С первого до последнего дня – уличных боёв – Гроссман находится в Сталинграде, получает звание подполковника за участие в легендарной битве.
Его лапидарная книга «Треблинский ад» во многом больше чем литература, исследовать её с художественной точки зрения неудобно, учитывая действительно адский материал, горящий на страницах. Вечно горящий.
Роман «За правое дело» – первый в дилогии – исполнен в манере Толстого, что не помешало критике довольно жёстко разделаться с оным.
Жизнь Гроссмана, как и его литература, есть длящийся многолетне акт преодоления: обстоятельств, себя, себя в недрах обстоятельств; жизнь как огонь и боль, именно такой она и встаёт со страниц лучшего его произведения – монументальной «Жизни и судьбы»…

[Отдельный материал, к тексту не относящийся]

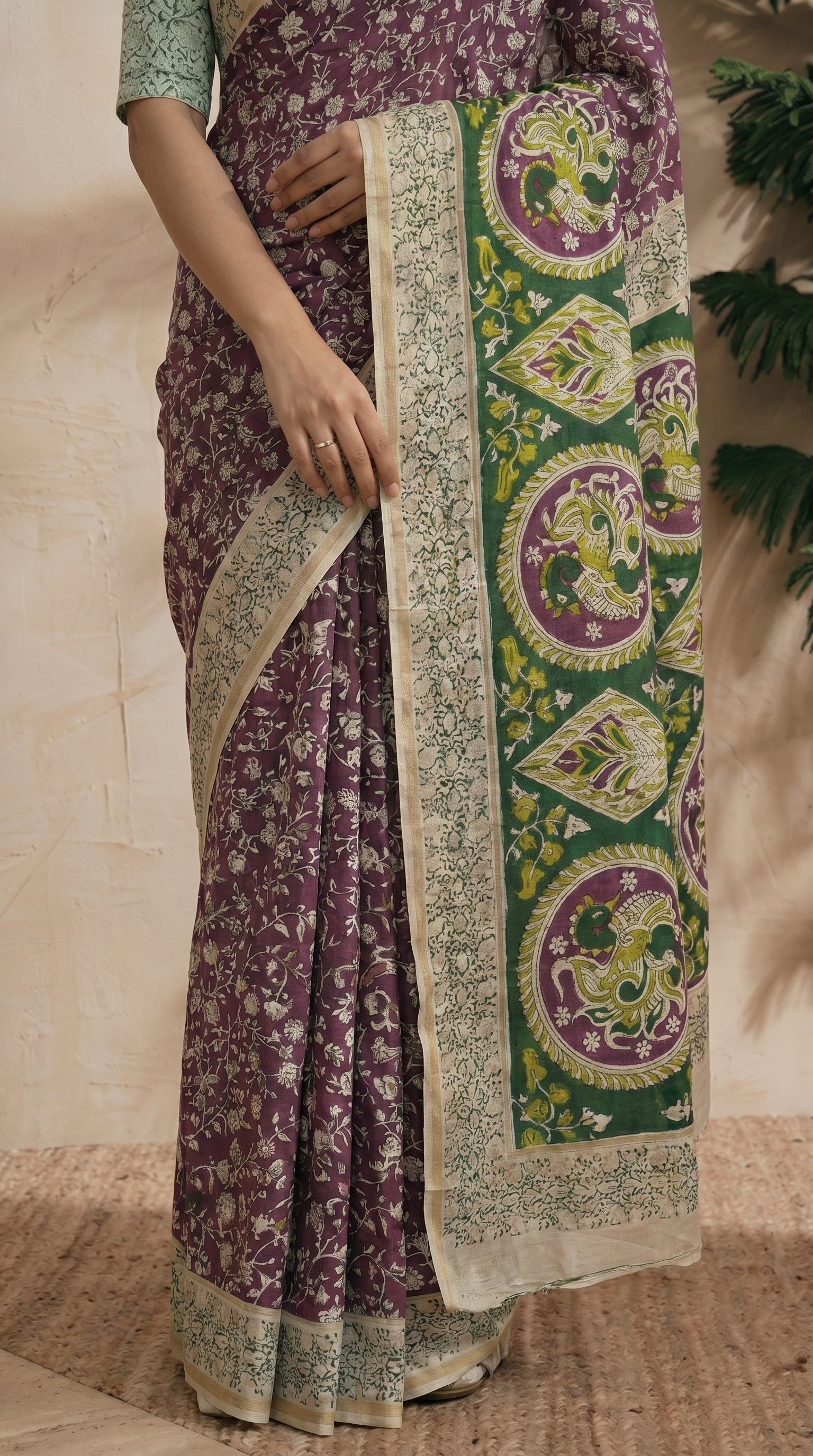 Violet Saree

НЕЖНОСТЬ И ВЫСОТА НИКОЛАЯ СТАРШИНОВА
Ночная пора… Власть мудрой ночи, тишины, из какой растут стихи, преодолевая незримые барьеры времени и сами неся в себе кванты добра, вовсе не обеспокоенные наличием добра материального:
А мне теперь всего желанней
Ночная поздняя пора.
Я сплю в нетопленом чулане,
В котором не хранят добра.
Чувство времени, как и чувство природы, – и то, и то ярко проявлены в стихах Старшинова, как, например:
А мы позабыли на даче,
Что осень уже на дворе:
Как полдень июля, горячей
Была эта ночь в октябре.
И в природу вписана любовь – или она и создана ею, столь огромной, что не вместит людское миропонимание? Или любовь и есть код всеобщности, всё объясняющий? Но стихотворение, продолжаясь мускулисто и лаконично, даёт представление о виртуозном владении поэтом поэтической эмоцией:
И губы с губами встречались,
И руки – твои и мои…
За окнами сосны качались,
И пели всю ночь соловьи.
Но ты подняла занавески:
Деревья, земля и дома –
Всё стыло в серебряном блеске…
И сердце упало: зима.
Опалённые ленты трагедии – начало, почти начало жизни поэта, ибо война оставляет раны навсегда, хоть и заживают раны телесные, ибо военная тема будет вибрировать раскалённой нитью в сознании, в душе до конца дней.
Когда, нарушив забытьё,
Орудия заголосили,
Никто не крикнул: «За Россию!..»
А шли и гибли
За неё.
Просто. Ярко. Без пафоса. Ибо военный труд, один из самых тяжёлых, вершится без пафоса, а если он идёт с осознанием своей правоты, то и смерть становится условностью, хотя не отменяет своей конкретики.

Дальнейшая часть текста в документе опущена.